Let’s begin by establishing where our CURRENT Whole Foods stores are located. Please create a new GeoDataFrame consisting of all Whole Foods locations in New York. How many Whole Foods are there currently in New York? Where are they predominantly located?

If you have questions about the variables in the NY retail food database, you can find all the documentation provided by the NY State Department of Agriculture and Markets in this folder.

## Exercise 3¶

Now let’s create a GeoDataFrame with competing grocery stores. In the NY area, we’ll limit attention to Walmart (hint – there are a lot of walmarts), ACME Markets (Albertson’s), Trader Joe’s, ALDI, and any stores identifying themselves as supermarkets or super markets.
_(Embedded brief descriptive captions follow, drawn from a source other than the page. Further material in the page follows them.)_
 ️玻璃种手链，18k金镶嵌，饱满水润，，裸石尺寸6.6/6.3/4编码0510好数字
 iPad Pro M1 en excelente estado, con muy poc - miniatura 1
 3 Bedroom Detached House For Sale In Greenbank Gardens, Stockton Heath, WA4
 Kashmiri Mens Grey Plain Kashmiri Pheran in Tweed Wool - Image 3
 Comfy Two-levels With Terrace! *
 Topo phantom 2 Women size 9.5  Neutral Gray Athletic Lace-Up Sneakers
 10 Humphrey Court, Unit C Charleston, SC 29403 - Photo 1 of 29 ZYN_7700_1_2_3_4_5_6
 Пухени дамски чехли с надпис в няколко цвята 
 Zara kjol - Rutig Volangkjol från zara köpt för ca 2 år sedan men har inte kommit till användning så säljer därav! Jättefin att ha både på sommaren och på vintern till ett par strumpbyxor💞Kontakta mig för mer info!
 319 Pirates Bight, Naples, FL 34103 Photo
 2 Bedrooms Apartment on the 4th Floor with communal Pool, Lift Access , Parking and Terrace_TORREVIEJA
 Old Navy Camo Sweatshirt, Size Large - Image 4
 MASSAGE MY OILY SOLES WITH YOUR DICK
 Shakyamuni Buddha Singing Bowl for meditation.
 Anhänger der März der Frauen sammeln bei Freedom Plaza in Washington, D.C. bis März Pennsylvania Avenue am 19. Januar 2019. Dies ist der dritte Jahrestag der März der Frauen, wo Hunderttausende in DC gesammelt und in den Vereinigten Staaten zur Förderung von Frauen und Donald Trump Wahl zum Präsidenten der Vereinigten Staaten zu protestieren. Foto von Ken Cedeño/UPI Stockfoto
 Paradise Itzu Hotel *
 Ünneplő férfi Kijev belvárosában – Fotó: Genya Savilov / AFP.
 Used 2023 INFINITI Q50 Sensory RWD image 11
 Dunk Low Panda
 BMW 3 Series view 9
Grocery, as a search term, catches a lot of delis and bodegas, which aren’t really in competition with Whole Foods.

(Note that in a real analysis, you’d want to be a little more careful to include any other non-chain grocery stores!)

## Exercise 4¶

Now comes the fun part!

In the census data we loaded previously, we have information on the population, average income, and average education for every census block group (a “block group” is an official level of aggregation) in New York. But we *don’t* know how close those people are to an existing grocery store! So let’s use the data we’ve now created to gather information about what communities may currently be under-served by local grocery stores!

The first thing we want to do is rule out locations near existing Whole Foods.

Using `sjoin_nearest`

, find the closest *Whole Foods* to every census block group. Also use the `distance_col`

keyword argument (you can use `sjoin_nearest?`

to read about it) to get the actual distance to said nearest Whole Foods.

Note that distance you get from this operation will be in meters because of how our data is being represented (it’s projection – something we’ll read about for our second GIS class).

Also note that we’re getting the distance to the nearest Whole Foods *from each census block group*, which are polygons. geopandas is smart enough to calculate the *shortest* distance from the polygon (i.e. the distance from the point on the polygon edge that is closest to the Whole Foods!).

## Exercise 5¶

Let’s start building a dataset of possible grocery locations. First, let’s drop any census block groups that aren’t urban (Whole Foods are really an urban company). To do so, calculate the population density of each census block group and drop any census block groups with population densities below 100 people per square kilometer (bearing in mind that the units of this map are meters, so `.area`

will return an area in meters squared).

## Exercise 6¶

Now drop any block groups that are already less than 8 km from a Whole Foods.

## Exercise 7¶

Now, for each remaining block group, calculate the distance to the nearest NON-Whole Foods. What does the distribution of those distances look like?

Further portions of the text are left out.